The only problem is its location. No lover of art would think to look for this colorful piece of art in a place like a gym.

“It’s a little out of the way,” said Jim Arnwine, dean of Visual Media and Performing Arts. “But we now have doors on the side of the gym that lead right to where the mural is hanging.”

To find the mural you would have to walk into the gym, through the tunnel and at the end of that tunnel, look up towards the top of the wall to view the artwork.

Joe Futtner, assistant dean of Visual Media and Performing Arts, said that though its placement is off the beaten path, the mural is a great addition to the campus.

“I think it’s a wonderful opportunity that’s being much celebrated by the college,” Futtner said.

Arnwine said that the school was going to have a ceremony for the mural with a tentative date scheduled for May 22.

The mural encapsulated the early history of the Rose Parade with stylized horses, carriages, and marchers, was painted on walnut, according to Futtner. In the painting, horses and stagecoaches are passing by Pasadena City Hall.

The mural had formerly been in the lobby of Home Savings on Colorado Boulevard, but was put into storage during the Chase Bank corporate makeover.

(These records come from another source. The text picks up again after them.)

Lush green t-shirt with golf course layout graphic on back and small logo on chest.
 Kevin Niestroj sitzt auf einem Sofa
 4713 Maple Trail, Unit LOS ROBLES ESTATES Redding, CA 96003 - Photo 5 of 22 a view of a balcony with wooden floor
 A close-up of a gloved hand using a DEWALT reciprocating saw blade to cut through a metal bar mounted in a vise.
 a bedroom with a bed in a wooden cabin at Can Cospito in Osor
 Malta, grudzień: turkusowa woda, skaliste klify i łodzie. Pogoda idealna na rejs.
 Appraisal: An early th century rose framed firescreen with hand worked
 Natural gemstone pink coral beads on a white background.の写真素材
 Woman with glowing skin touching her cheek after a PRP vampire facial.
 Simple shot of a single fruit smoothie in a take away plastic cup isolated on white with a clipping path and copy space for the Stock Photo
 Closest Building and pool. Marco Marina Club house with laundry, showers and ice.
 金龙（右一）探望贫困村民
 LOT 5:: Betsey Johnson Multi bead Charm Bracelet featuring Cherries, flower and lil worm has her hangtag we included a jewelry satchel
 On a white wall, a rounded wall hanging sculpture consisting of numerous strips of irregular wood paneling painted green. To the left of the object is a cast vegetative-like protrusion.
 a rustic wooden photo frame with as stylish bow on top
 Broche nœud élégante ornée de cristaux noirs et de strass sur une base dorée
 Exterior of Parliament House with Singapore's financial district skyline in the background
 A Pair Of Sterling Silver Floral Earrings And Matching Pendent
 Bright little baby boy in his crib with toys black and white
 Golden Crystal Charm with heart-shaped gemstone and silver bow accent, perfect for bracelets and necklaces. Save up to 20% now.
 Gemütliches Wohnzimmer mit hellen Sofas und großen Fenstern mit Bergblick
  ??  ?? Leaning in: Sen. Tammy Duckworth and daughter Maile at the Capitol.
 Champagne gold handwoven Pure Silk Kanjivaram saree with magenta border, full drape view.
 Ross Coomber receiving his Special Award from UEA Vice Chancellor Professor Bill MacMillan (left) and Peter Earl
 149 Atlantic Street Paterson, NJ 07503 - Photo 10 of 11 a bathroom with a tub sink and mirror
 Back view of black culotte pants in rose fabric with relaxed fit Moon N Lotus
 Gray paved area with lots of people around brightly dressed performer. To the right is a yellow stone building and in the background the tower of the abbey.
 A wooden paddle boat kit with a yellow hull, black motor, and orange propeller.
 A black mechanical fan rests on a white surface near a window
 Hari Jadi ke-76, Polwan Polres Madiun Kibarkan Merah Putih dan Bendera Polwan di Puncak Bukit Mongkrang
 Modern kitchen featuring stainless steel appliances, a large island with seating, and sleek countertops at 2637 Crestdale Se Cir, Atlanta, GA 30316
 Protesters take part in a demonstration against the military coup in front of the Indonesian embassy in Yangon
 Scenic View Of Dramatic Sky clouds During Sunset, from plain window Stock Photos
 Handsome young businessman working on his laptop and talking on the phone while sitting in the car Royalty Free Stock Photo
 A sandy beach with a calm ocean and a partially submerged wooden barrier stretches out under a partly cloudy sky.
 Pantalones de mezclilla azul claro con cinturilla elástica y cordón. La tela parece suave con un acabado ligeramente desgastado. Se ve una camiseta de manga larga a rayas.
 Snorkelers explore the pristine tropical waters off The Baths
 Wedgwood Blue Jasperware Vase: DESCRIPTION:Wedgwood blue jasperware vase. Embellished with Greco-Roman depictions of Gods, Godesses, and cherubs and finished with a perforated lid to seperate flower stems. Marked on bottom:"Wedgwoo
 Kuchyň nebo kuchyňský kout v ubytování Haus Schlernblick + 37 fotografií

Tony Sheets, Sheets’ son, told the Pasadena Star-News that he insisted that the mural only be installed in a location that would accommodate mounting it in a single sweep. He oversaw the restoration of the mural, then gifted it to the City of Pasadena. It will be on loan to PCC for 25 years.

Sheets, born in Pomona, was a painter and muralist whose works are displayed throughout Southern California, including a number of the then-Home Savings branches. He died in 1989.